[gmx-users] [gmx-developers] Fatal error: cudaStreamSynchronize failed in cu_blockwait_nb

AOWI (Anders Ossowicki) AOWI at novozymes.com
Thu Jan 30 14:10:23 CET 2014

> Does the error happen at step? Assuming the it does occur within the first 10 steps, here are a few things to try:

It happens immediately.
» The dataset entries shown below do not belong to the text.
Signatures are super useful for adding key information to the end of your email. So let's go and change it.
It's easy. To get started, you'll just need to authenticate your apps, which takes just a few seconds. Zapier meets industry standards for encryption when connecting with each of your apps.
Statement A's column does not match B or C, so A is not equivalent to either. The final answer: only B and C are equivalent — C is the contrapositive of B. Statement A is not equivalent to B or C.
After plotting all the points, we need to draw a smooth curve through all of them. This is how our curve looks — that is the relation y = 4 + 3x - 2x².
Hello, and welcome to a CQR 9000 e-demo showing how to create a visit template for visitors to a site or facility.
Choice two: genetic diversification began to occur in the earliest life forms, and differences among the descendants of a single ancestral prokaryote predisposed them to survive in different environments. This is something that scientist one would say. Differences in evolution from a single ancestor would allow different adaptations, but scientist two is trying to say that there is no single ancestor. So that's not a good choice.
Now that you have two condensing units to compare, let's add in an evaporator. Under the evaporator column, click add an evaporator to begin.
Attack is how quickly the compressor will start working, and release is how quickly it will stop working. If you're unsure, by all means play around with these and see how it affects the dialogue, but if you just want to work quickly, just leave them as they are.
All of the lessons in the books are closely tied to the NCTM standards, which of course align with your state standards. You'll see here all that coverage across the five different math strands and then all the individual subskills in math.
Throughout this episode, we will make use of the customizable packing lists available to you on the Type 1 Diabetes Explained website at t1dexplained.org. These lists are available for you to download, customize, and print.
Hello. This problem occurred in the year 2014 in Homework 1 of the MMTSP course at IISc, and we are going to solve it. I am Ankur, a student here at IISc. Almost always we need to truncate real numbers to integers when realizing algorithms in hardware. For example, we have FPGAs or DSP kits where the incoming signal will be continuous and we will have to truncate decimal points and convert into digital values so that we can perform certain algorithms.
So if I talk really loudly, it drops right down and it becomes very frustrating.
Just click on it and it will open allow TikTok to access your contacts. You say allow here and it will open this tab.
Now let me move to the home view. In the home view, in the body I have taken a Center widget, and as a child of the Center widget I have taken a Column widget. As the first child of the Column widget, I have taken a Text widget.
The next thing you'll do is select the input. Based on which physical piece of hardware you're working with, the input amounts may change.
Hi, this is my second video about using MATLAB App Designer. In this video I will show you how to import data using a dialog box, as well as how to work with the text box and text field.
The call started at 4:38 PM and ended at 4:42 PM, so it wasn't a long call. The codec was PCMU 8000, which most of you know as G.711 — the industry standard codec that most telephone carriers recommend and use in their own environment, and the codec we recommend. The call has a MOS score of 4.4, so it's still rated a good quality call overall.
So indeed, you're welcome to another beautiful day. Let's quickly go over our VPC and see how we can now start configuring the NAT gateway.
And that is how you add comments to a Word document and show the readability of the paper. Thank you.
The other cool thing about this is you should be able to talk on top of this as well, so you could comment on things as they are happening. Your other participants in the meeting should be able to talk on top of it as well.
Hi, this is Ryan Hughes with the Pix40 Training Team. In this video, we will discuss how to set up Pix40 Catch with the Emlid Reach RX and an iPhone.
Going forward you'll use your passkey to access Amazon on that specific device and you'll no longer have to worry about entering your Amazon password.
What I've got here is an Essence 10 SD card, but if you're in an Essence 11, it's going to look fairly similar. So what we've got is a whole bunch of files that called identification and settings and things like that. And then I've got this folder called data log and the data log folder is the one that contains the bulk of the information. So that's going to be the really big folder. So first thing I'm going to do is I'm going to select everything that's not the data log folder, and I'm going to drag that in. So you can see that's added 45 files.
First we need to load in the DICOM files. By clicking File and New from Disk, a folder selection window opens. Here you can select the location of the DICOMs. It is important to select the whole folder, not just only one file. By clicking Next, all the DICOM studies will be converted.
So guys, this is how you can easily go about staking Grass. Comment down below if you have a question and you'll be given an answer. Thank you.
As in:

$ time mdrun
real    0m3.312s
user    0m6.768s
sys     0m1.968s

> - Run "cuda-memcheck mdrun -nsteps 10";

A wild backtrace appeared!

starting mdrun 'RNASE ZF-1A in water'
10 steps,      0.0 ps.
========= Program hit error 4 on CUDA API call to cudaStreamSynchronize
=========     Saved host backtrace up to driver entry point at error
=========     Host Frame:/usr/lib/nvidia-current/libcuda.so [0x26d660]
=========     Host Frame:/usr/local/cuda-5.5/lib64/libcudart.so.5.5 (cudaStreamSynchronize + 0x15e) [0x36f5e]
=========     Host Frame:/usr/bin/../lib/libmd.so.8 (nbnxn_cuda_wait_gpu + 0x9d9) [0x3bc779]
=========     Host Frame:/usr/bin/../lib/libmd.so.8 (do_force_cutsVERLET + 0x1ff8) [0x275f98]
=========     Host Frame:/usr/bin/../lib/libmd.so.8 (do_force + 0x3bf) [0x27a88f]
=========     Host Frame:mdrun (do_md + 0x7fc7) [0x34267]
=========     Host Frame:mdrun (mdrunner + 0x18a1) [0x11491]
=========     Host Frame:mdrun (cmain + 0x1a30) [0x38cb0]
=========     Host Frame:/lib/x86_64-linux-gnu/libc.so.6 (__libc_start_main + 0xed) [0x2176d]
=========     Host Frame:mdrun [0x76a1]
<snip the usual error>

> - Try running with GMX_EMULATE_GPU env. var. set? This will run the GPU acceleration code-path, but will use CPU kernels (equivalent to the CUDA but slow implementation).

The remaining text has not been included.